[Title] This is taken from 1 Kings 21.
‘And Ahab spake unto Naboth, saying, Give me thy vineyard, that I may have it for a garden of herbs, because it is near unto my house: and I will give thee a better vinyard than it…. And Naboth said to Ahab, the Lord forbid it me that I should give the inheritance of my fathers unto thee.’
[Page 394, line 2] an allegory of Empire As suggested in the headnote, Kipling may well be saying this ironically. On the one hand he identifies the narrator at the end of the story [Page 398, line 32] as the imperial ruler, encroached on by spurious claims. On the other hand, the step by step technique applied by ‘Naboth’ was on a small scale, the the first step in one classic procedure for the imperial acquisition of territory, a concession for trade.
[Page 395, line 2] Pantheon a temple to all the gods, like that in Rome which is now a church.
[Page 395, line 28] sap in this context, the insidious draining away of strength, etc.
[Page 396, line 3] Isabella-coloured a dirty greyish-yellow – see Brewer’s Dictionary of Phrase and Fable for legendary and probably fallacious explanations. Kipling uses the colour in “Slaves of the Lamp”, Part 1 (Stalky & Co.) and elsewhere.
[Page 396, line 29] feudatory a tenant under the medieval system of land-holding in return for military and other service. See “Young Men at the Manor” and other stories in Puck of Pook’s Hill.
[Page 397, line 11] Krishna an important Hindu deity – see “The Bridge-Builders” (The Day’s Work)
[Page 398, line 10] illicit still an appliance for the unlawful production of spirits.
[Page 398, line 11] Suzerain feudal overlord.
[Page 398, line 21] phaeton a light four-wheeled open carriage.
[Page 398, line 26] ploughed … with sweetmeats… an echo of Judges 9, 45: And Abimelech fought against the city all that day; and he took the city, and slew the people that was therein, and beat down the city, and sowed it with salt.
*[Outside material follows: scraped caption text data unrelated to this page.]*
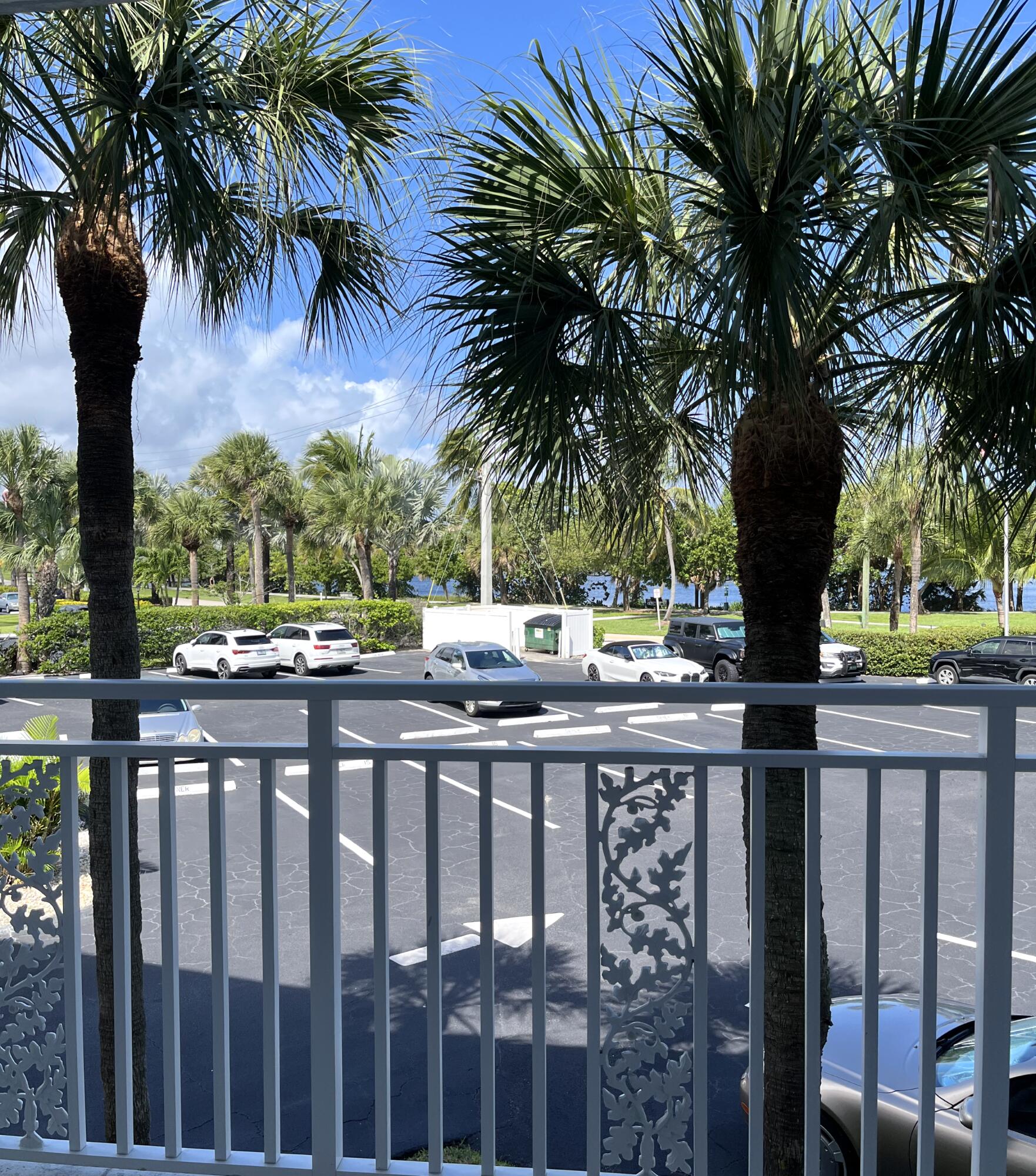 50 Celestial Way, Unit 207 Juno Beach, FL 33408 - Photo 18 of 30 a view of balcony with a garden and trees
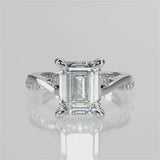 Elaine Emerald lab diamond engagement ring. Four prongs, tiger claws with a twisted band and cathedral setting. French pave set diamond gallery and french pave set diamond brigde.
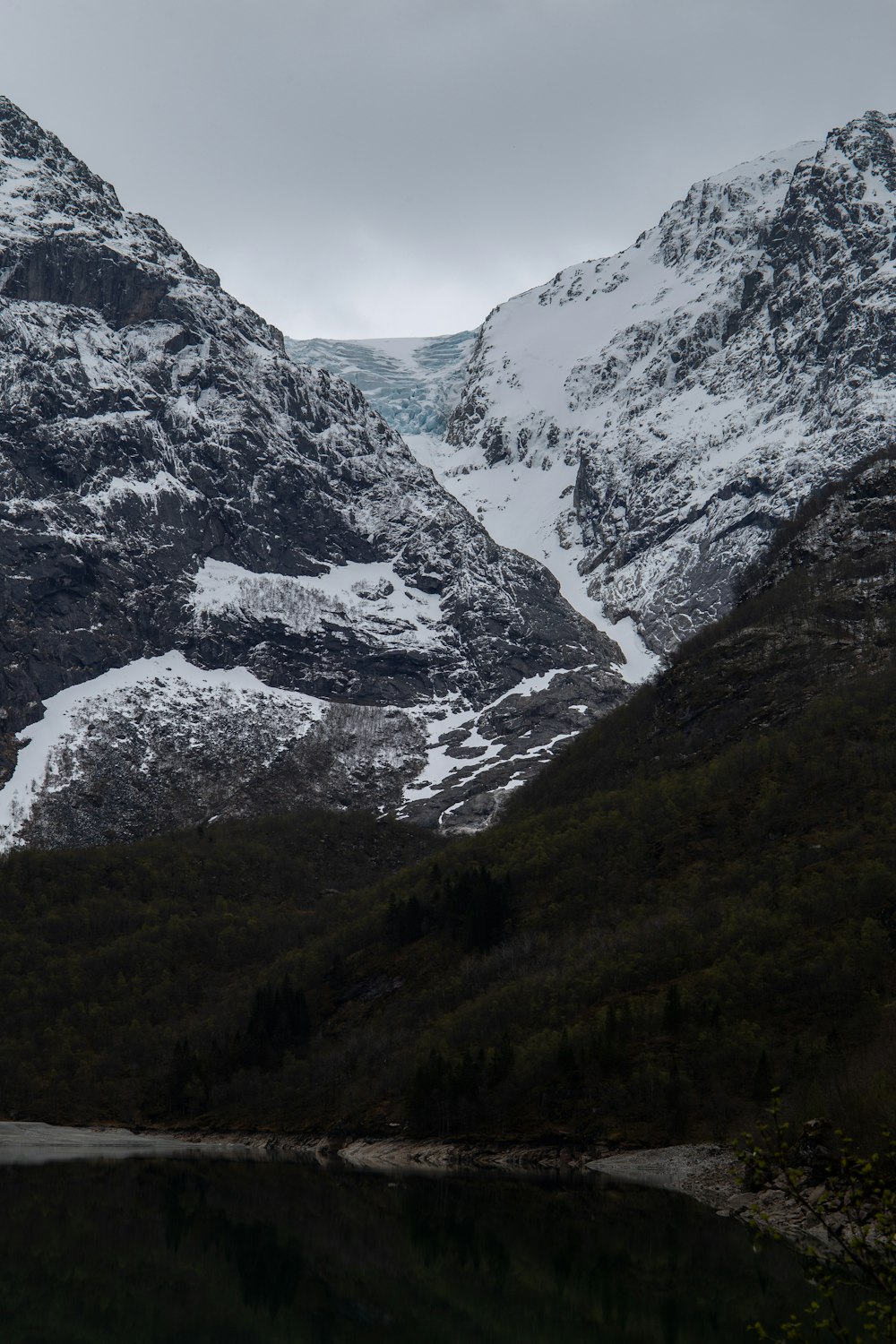 a mountain range covered in snow next to a body of water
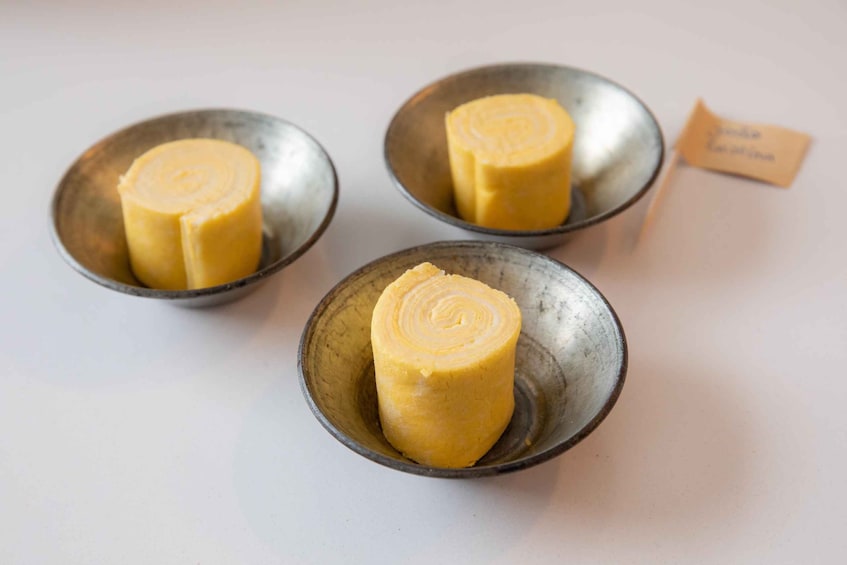 Three metal bowls containing a yellow cylindrical food item. 5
[Page 398, line 32] Ahab he was very disappointed when Naboth would not sell him the vinyard even though he had offered good terms: ‘and he laid him down upon his bed, and turned away his face, and would eat no bread.’ When he told his wife Jezebel what had happened, she arranged for Naboth to be stoned to death for blasphemy. [See 1 Kings, 21, 4-29].